In this example, the guardian is expected to provide monitoring results during the following time windows:

  • from midnight (12:00 AM) until 2:30 AM.
  • from midday (12:00 PM) until 2:30 PM.

Scenario:

  • suppose it’s 3:00 PM, and the result for the midday to 2:30 PM window has not been received yet
  • in this case, the guardian has missed the 2:30 PM deadline for providing the monitoring result within the tolerance window (which is PT2H30M or 2.5 hours from the scheduled time: 12:00 AM)
  • a warning will appear both on the data contract page and the graph in the Witboost Marketplace.
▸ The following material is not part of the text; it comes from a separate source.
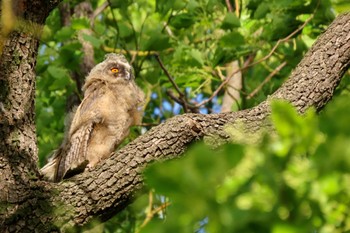 Sun, 5/5/2024 Birding report at Watarase Yusuichi (Wetland)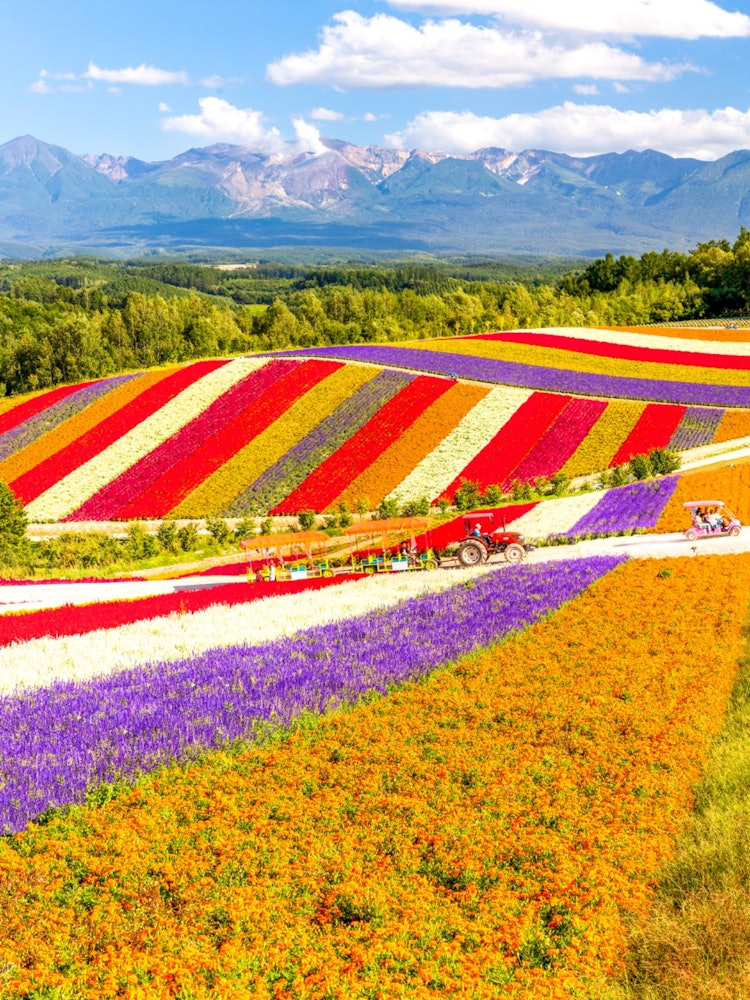 [Image1]It is located in Biei, Hokkaido Shikisai no OkaYou can see various flowers until mid-September.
It will remain visible until the monitoring result is finally received
note

Checks on the monitoring result scheduling are run only once the guardian with the scheduling spec is deployed.

Infrastructure template

The infrastructureTemplateId field in the descriptor of a component identifies a microservice — a tech adapter — responsible for managing the component's provisioning.

The infrastructureTemplateId for a guardian component must be associated with a dedicated computational policy to collect validation results from the guardian.

warning

Ensure with your Platform Team that the infrastructureTemplateId assigned to the guardian has been registered as a valid guardian infrastructure template ID.

Constraints and validations

When a system includes data contracts and guardians, Witboost checks for the following conditions. If any are violated, you will not be able to create a release from the system descriptor, and an error message will list the issues.

AssertionNotes
A data contract component (__dataContractEnabled: true) cannot contain a data contract subcomponent (__dataContractEnabled: true)Subcomponents may still declare a dataContract property, as in the Distributed Data Contract scenario described above
A data contract component must be consumable (consumable: true) or contain at least one consumable subcomponentA consumable component cannot be parent of a consumable subcomponent
A data contract guardian can only guard data contracts defined within its parent system descriptor (__dataContractGuardianSpec.guards[i].dataContractId)This ensures the data contract and its guardian are part of the same system and get deployed together

Additional governance policies, defined by your Platform or Governance Team, may be applied to verify data contract structure and completeness based on organizational requirements. These will be checked when testing or deploying a system descriptor.